Used to be more ruthless about the rupture and therefore abandon, abandon, but now with ebooks, library books, fractured attention span, newfound reappreciation of the genres therefore expanded reading list, etc. plenty of books get started but are neither completed or abandoned, like so many Orson Welles projects waiting for financing to finish.

And yeah what nostormo said.

Blue Yodel No. 9 Dream (James Redd and the Blecchs), Wednesday, 1 May 2013 21:35 (twelve years ago)

I usually know whether a book is worth my while pretty quickly, often before I commit to reading it. This has as much to do with my mood and circumstances as it does with the absolute merits of the book. I've rejected or abandoned many a good book as unsuitable to my curernt desires.

For example, I recently abandoned The Recognitions by Wm Gaddis. I kept my copy and may take another run at it some day.

Aimless, Wednesday, 1 May 2013 21:36 (twelve years ago)

abandon like five for every one I finish

some books I do this because I don't like them, and some because they just don't need to be finished, particularly with non-fiction. Sometimes a book is just an unwieldy and inefficient vehicle for delivering information, and I'd rather glean what I want and move on.

huun huurt 2 (Hurting 2), Wednesday, 1 May 2013 21:38 (twelve years ago)

"plenty of books get started but are neither completed or abandoned"

Proust, for me. a project of a life time.

nostormo, Wednesday, 1 May 2013 21:38 (twelve years ago)

I am eternally grateful to Stephen King for teaching me that it is okay to say "you know what, no" and put down a book without finishing it.

(Gerald's Game, btw)

Call me at **BITCOIN (DJP), Wednesday, 1 May 2013 21:40 (twelve years ago)

At some point I realized that, in a certain sense, a novel is just some guy or girl telling you a story, even if it's a literary titan or noted contemporary author. Sometimes those people tell boring stories, or tell them in an uncompelling way. What obligates you to listen to them?

huun huurt 2 (Hurting 2), Wednesday, 1 May 2013 21:43 (twelve years ago)

i abandoned Man Without Qualities in my twenties.

turned back to it in my thirties and it became one of my desert island books.

there are also opposite examples.

so it's sometimes hard to tell if you are missing something

nostormo, Wednesday, 1 May 2013 21:43 (twelve years ago)

Abandoning really late on - this ought to hurt because you've wasted a lot of time on rubbish; but it actually makes me feel like a king, the extravagance of it.

Ismael Klata, Wednesday, 1 May 2013 21:43 (twelve years ago)

it's not always about the "story" per se
xxpost

nostormo, Wednesday, 1 May 2013 21:43 (twelve years ago)

i mean, a lot of the novels i like don't have a plot at all: it's not about going forward, but about going deeper (with style).

nostormo, Wednesday, 1 May 2013 21:46 (twelve years ago)

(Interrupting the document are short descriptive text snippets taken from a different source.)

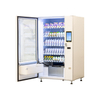 DV5000C10 Máquina expendedora combinada de alta capacidad con pantalla táctil de 10 ' - Máquina expendedora de refrigerios y bebidas con 60 selecciones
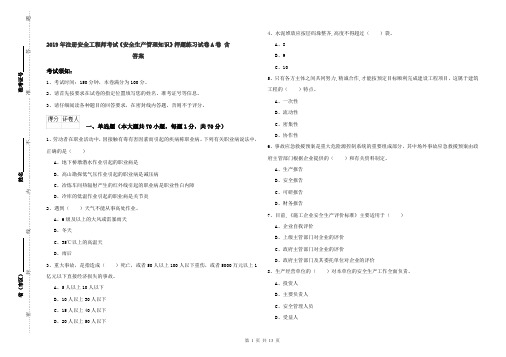 2019年注册安全工程师考试《安全生产管理知识》押题练习试卷A卷 含答案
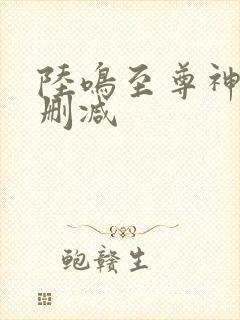 陆鸣至尊神殿无删减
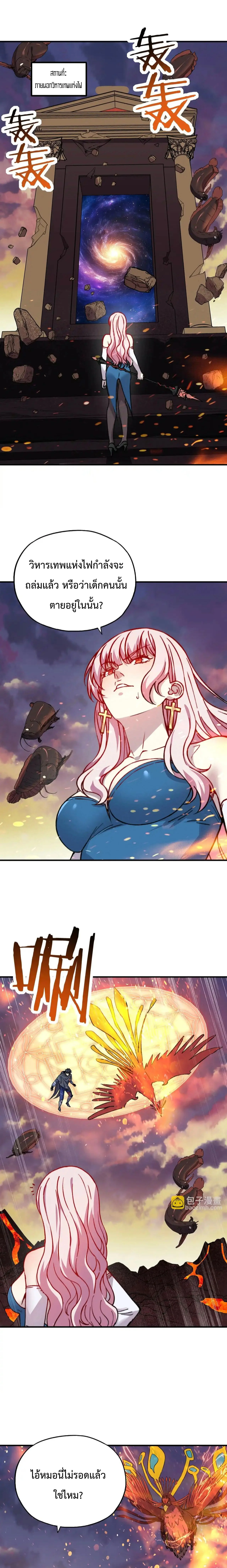 Starting As The God Of Wealth, Taming Billions Of Divine Pets! ตอนที่ 30 5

used to finish all of them, but now i have switched over to the abandon road and its been a good move imo

O_o-O_O-o_O (jjjusten), Wednesday, 1 May 2013 21:48 (twelve years ago)

thanks video games/talking to lunatics in my store for teaching me that some stories arent worth finishing

O_o-O_O-o_O (jjjusten), Wednesday, 1 May 2013 21:49 (twelve years ago)

i guess writing book reviews doesn't help me to take the abandon road too often..

nostormo, Wednesday, 1 May 2013 21:55 (twelve years ago)

Abandon. I use the 50 page rule.

Jaq, Wednesday, 1 May 2013 22:02 (twelve years ago)

there was a point where I was hate-reading V. solely because I refused to give the book the satisfaction of making me put it down

Call me at **BITCOIN (DJP), Wednesday, 1 May 2013 22:04 (twelve years ago)

i have hate-read books too and find finishing a book simply to be able to hate it more deeply is perfectly rewarding.

marc iv, Wednesday, 1 May 2013 22:17 (twelve years ago)

This is how I did Ada for the book club. You can go really fast too, 'cos you don't care if you miss stuff.

Ismael Klata, Wednesday, 1 May 2013 22:22 (twelve years ago)

i've started and abandoned 'v.' at least four times. once i made it past the hundred-page mark, but the last time i only made it to the second chapter. i'm not sure whether it's pynchon's fault or mine that i've never retained anything from any of these readings, apart from the phrase 'human yo-yo' and that scene with the explicit description of what happens during a nose job.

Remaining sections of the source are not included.